T-Mobile is expanding $50-a-month home internet service to 130 more cities, continuing to add smaller town and rural locations.
This latest expansion includes places like Traverse City, Michigan; Owatonna, Minnesota; Coshocton, Ohio; Peoria, Illinois; Morgan City, Louisiana.; and Eagle Pass, Texas.
But T-Mobile also adds service in Detroit, El Paso, Waco and parts of Dallas and Houston and other big cities.
Last month, T-Mobile announced 450 cities and towns (and it said 20 million households therein) that could get its broadband internet service.
Though urban dwellers may only experience a lack of internet service when they’re traveling, for small-town America, it’s a big time problem that frustrates schools and businesses everyday.
“Home broadband has been broken for far too long, especially for those in rural areas, and it’s time that cable and telco ISPs have some competition,” said Dow Draper, T-Mobile executive vice president for emerging products.
But Draper could have also mentioned that to get FCC approval of its merger with Sprint, T-Mobile promised it would provide 5G phone service to 97% of U.S. population within three years, and 5G phone coverage for 85% of rural America within three years and 90% in six years It agreed to other aggressive benchmarks for its home broadband service.
The home internet plan -- T-Mobile still calls it a pilot program -- provides service via its 4G LTE
network. At this point, T-Mobile isn’t promising a set speed but says it will be enough to play games, stream shows and work on the internet simultaneously. It will cost $50 a
month, with no hidden fees or taxes, and no contract and no data cap. The 5G service is coming to the home internet system within six years, according to the company
All of the wireless companies’ are offering “fixed cellular-based internet service,” meaning it’s not portable like a mobile phone. You can’t take it with you. And it takes a little installation time.

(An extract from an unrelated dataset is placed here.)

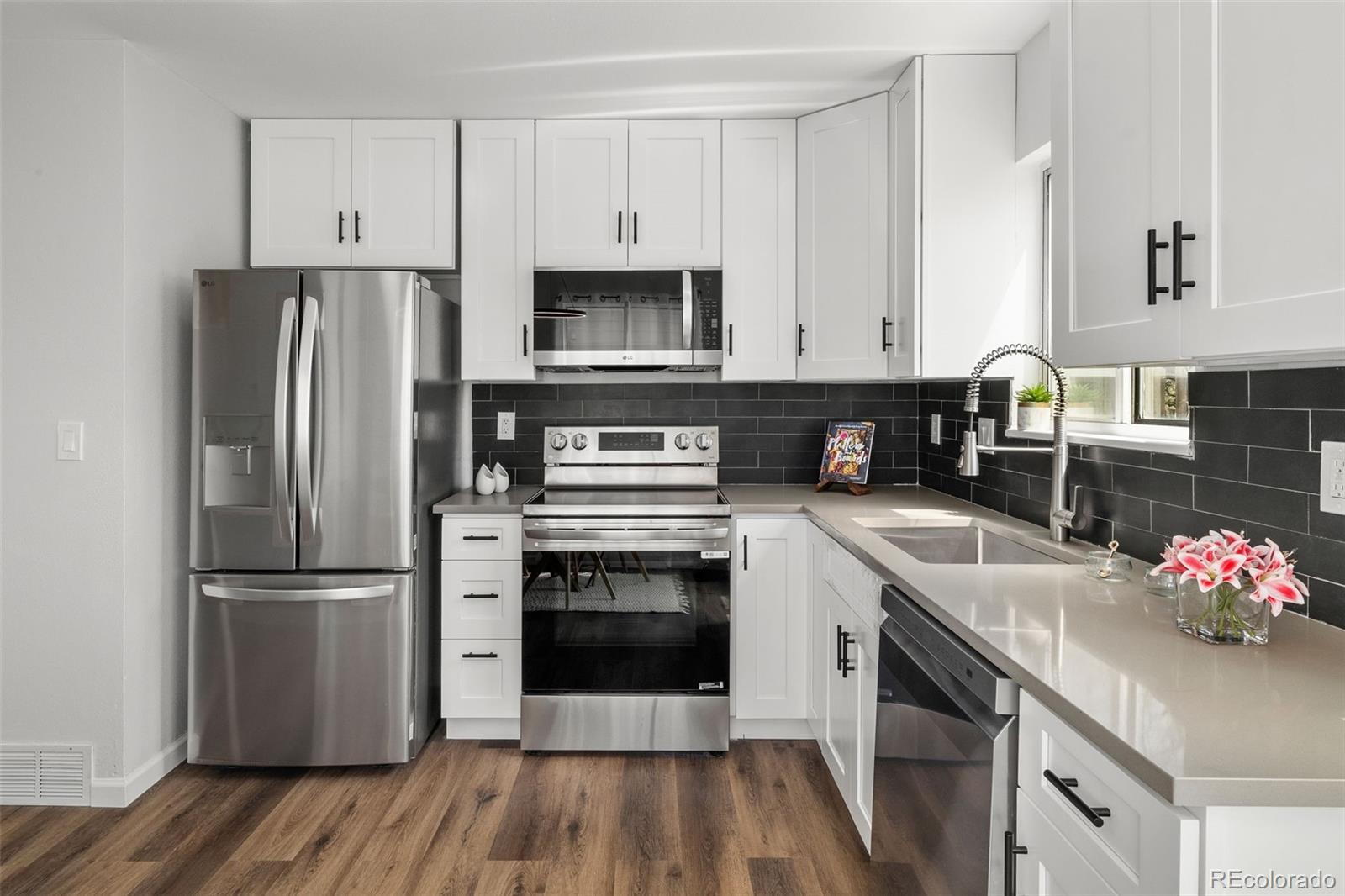 MLS Image #14 for 13438 e 13th place,aurora, Colorado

T-Mobile has technical capacity for this buildout and was quick to exploit exurbia when AT&T discontinued providing DSL service to many communities.

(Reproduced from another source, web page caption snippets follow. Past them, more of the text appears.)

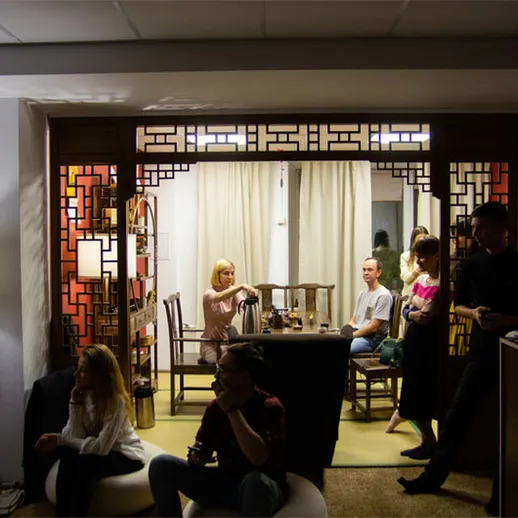 Собрание друзей в уютном интерьере восточного стиля в вечернее время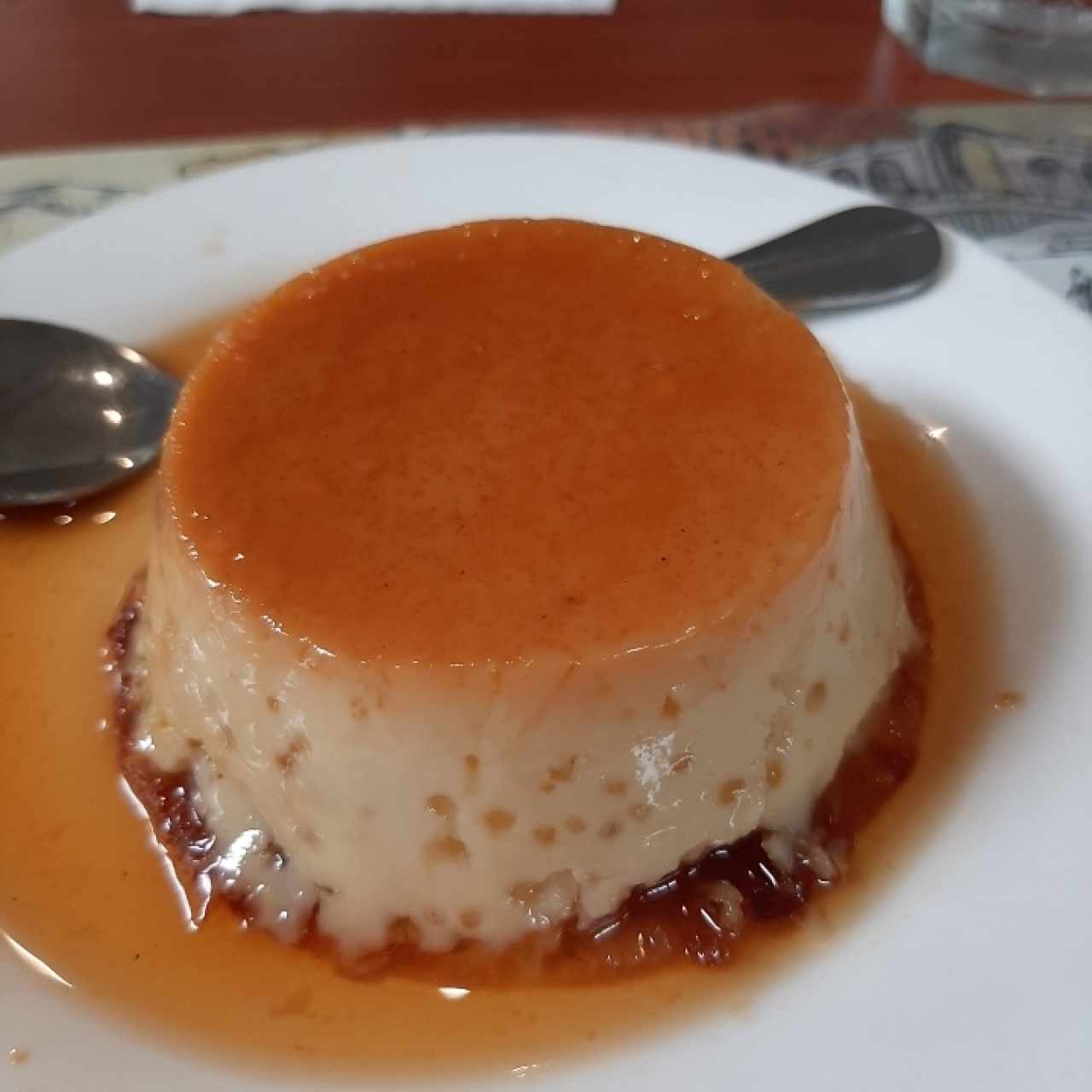 Flan de la casa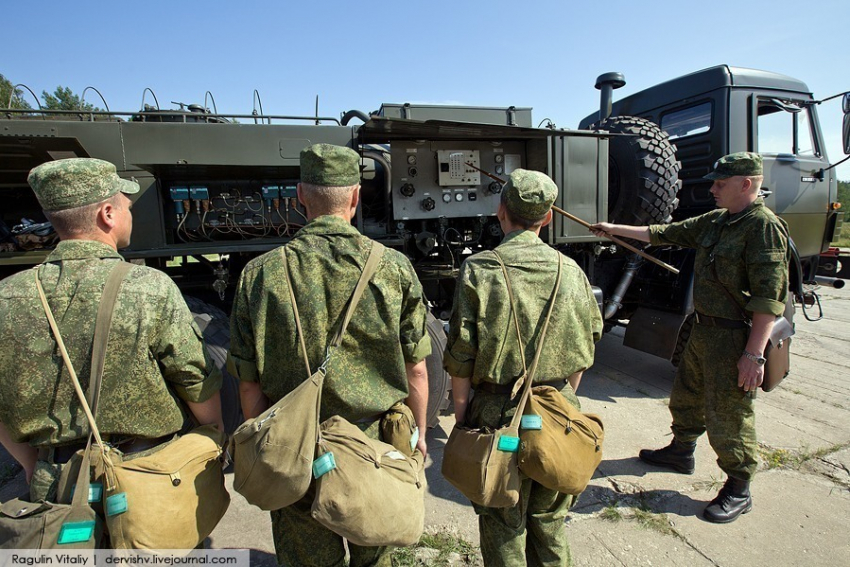В Камышине на территории 28-й бригады радиационной, химической и бактериологической защиты серьезную травму получил срочник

Verizon’s LTE (4G) Home Internet also debuted last month to rural areas in 48 states, for $40 a month for current Verizon
customers and $60 for others.
In addition, Verizon’s fledgling home internet service -- all 5G-- added markets to bring it up to a dozen cities where it’s
available in at least parts of the metropolis. Those are: Atlanta; Chicago; Dallas; Denver; Detroit; Houston; Indianapolis; Los Angeles; Minneapolis; St/ Paul; Sacramento; and San
Jose. It costs $50 a month for current Verizon customers and $70 for non-subscribers.
AT&T has a separate division that offers home internet via conventional cable and offers fixed cellular-based service, too, but with restrictions and a contract.